We have nowe similar model to the last one, but instead of single LSTM we use Bidirectional LSTM. 

"Bidirectional recurrent neural networks(RNN) are really just putting two independent RNNs together. The input sequence is fed in normal time order for one network, and in reverse time order for another.
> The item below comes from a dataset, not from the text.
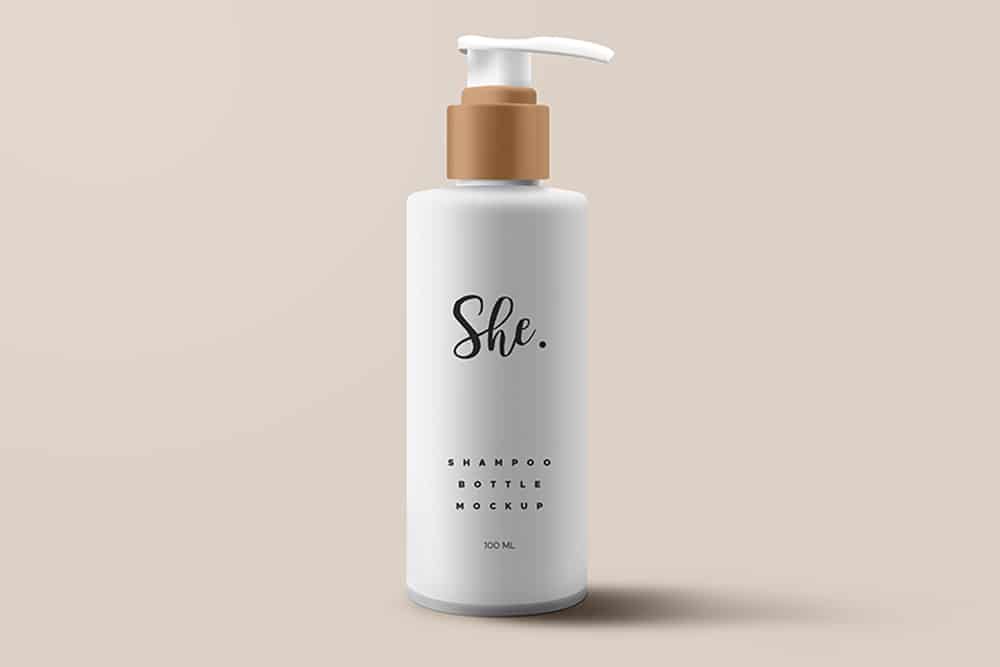 shampoo bottle packaging mockup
The outputs of the two networks are usually concatenated at each time step, though there are other options, e.g. summation."

In [None]:
from keras import Input
from keras.layers import Embedding, SpatialDropout1D, CuDNNLSTM, CuDNNGRU, Dropout, Dense, SimpleRNN
from keras.layers import concatenate, Bidirectional, GlobalAveragePooling1D, GlobalMaxPooling1D
from keras.initializers import glorot_normal, orthogonal
# First layer
# create input
main_input = Input(shape=(maxlen,), dtype='int32',name='main_input')
# creating the embedding
embedded_sequences = Embedding(input_dim = nb_words,
                               output_dim = WV_DIM,
                               mask_zero=False,
                               weights=[glove_embeddings],
                               input_length=maxlen,
                               trainable=False)(main_input)
#Second layer
embedded_sequences = SpatialDropout1D(0.2, seed=SEED)(embedded_sequences)
x = Bidirectional(CuDNNLSTM(64, return_sequences=False,
                  return_state = False,
                  kernel_initializer=glorot_normal(seed=seed),
                  recurrent_initializer=orthogonal(seed=seed)))(embedded_sequences)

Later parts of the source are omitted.